Q On Iran, if I could, just over a year ago we were all focusing on the actions of Iranian fast boats in the straits. We haven't heard much since then. Can you update us on what the IRGC navy is doing in the Gulf, the regular navy outside the Gulf?
And then, at the strategic level, how is Iran using its naval force to influence American actions and those of our allies and partners?
ADM. GORTNEY: Yes. I was deployed out there on the Harry S. Truman as a strike group commander starting in November of last year. And for the -- about the two or three months before the January '08 event that you talked to, the IRGCN was being very aggressive and unprofessional and provocative, to the point on 6 January -- making high-speed runs very close to one of our destroyers, putting objects in the water that could be perceived as mines. And that destroyer was in international waters doing exactly what -- it had every right to be there.
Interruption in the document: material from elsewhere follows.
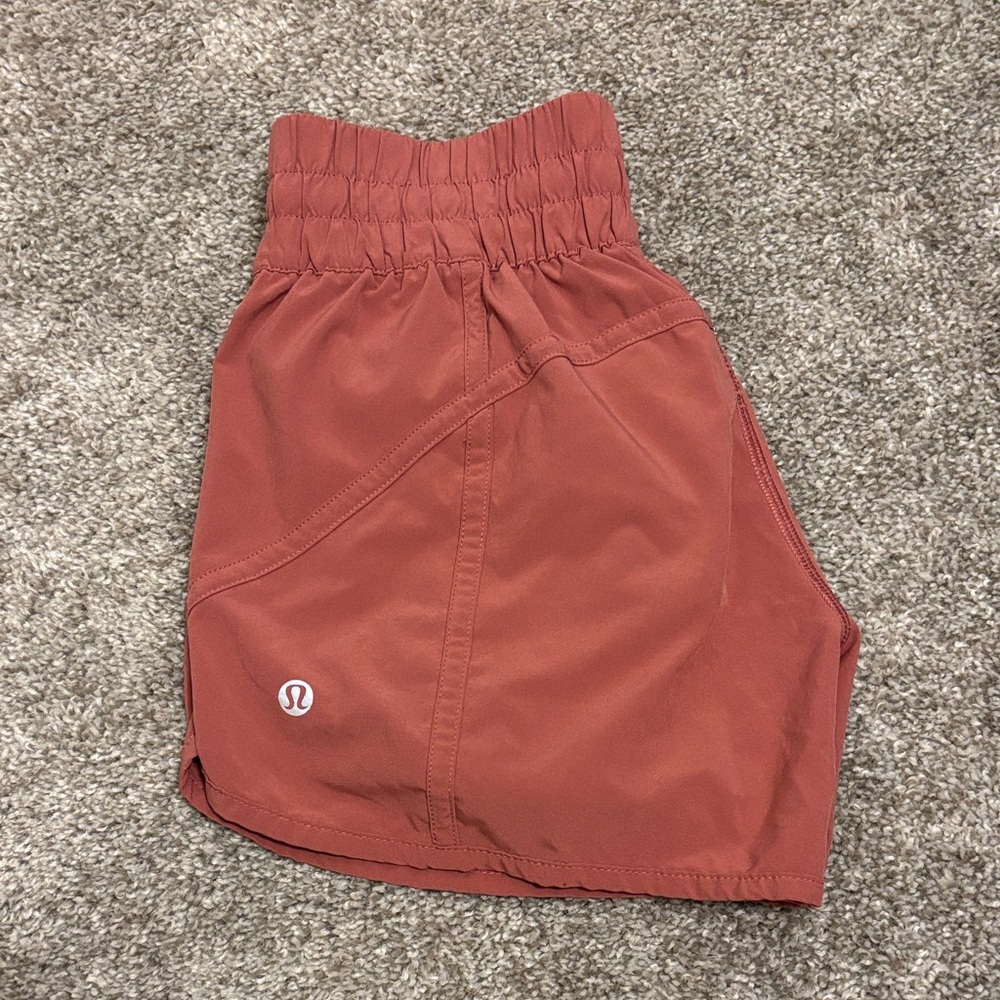 Lululemon Tracker Shorts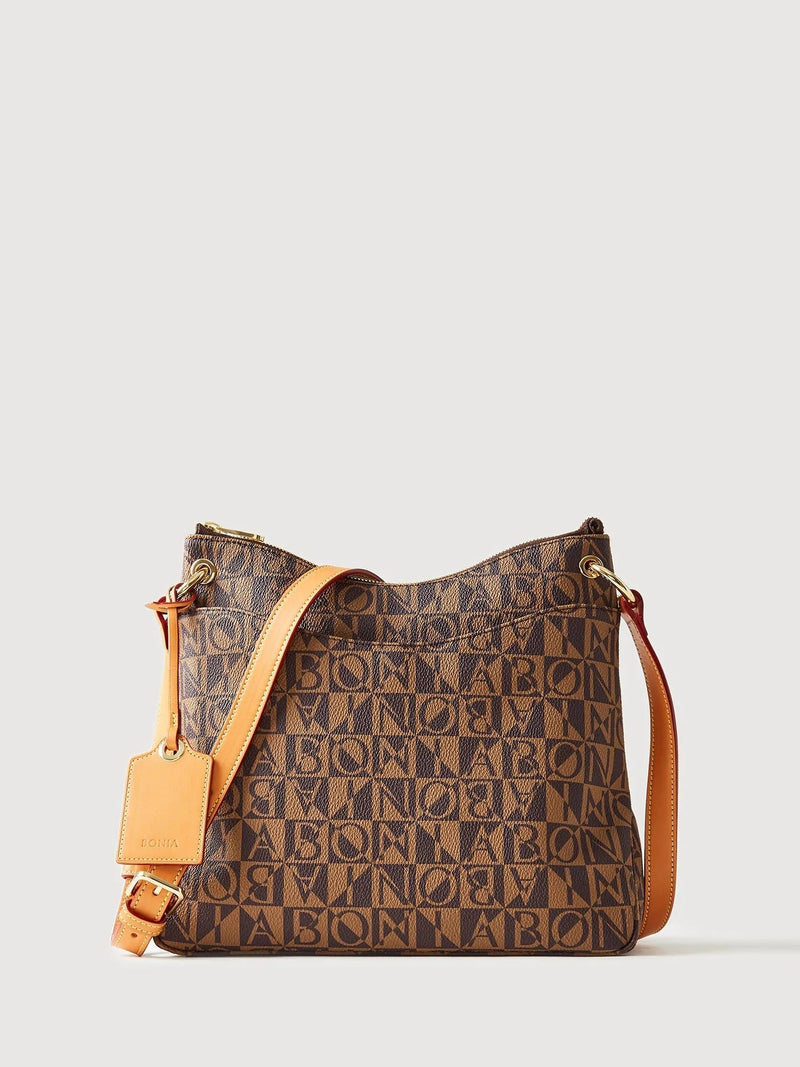 Monogram Crossbody Bag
Since that time, we haven't seen any of that activity. The regular navy is outside of Strait of Hormuz, as you mentioned; the IRGCN is inside. And we have not seen that provocative nature. Do not know why. We think it's a positive sign that we haven't seen it. And what we do is we monitor our activity very carefully of where they are and where we are, and make sure that our forces, should they interact with each other, don't create an event that might escalate out of control by our governments.
Q And beyond that tactical assessment, how does Iran use its navy for political ends in the Gulf?
ADM. GORTNEY: I would have to say that they exercise their navy, like all nations exercise their navies, and there's a -- there's rhetoric that comes out of every one of those exercises. I think that's designed to instill confidence in their people and potentially intimidate their neighbors. That, I think, is not helpful. It doesn't conduce -- it doesn't promote stability and security in the region. But we see that their rhetoric is much greater than their real capability.
Q Are the Iranians cooperating with your anti-piracy measures in some way?
ADM. GORTNEY: We have not seen that at this point, no, sir.
Q Sir, given what you know about the current operations, how do you evaluate, how do you see the region -- regional cooperation? I mean, the Gulf countries' cooperation?
ADM. GORTNEY: It's very, very good. You know, the reason we created CTF-151 was to create a combined task force from within the coalition with a piracy mandate.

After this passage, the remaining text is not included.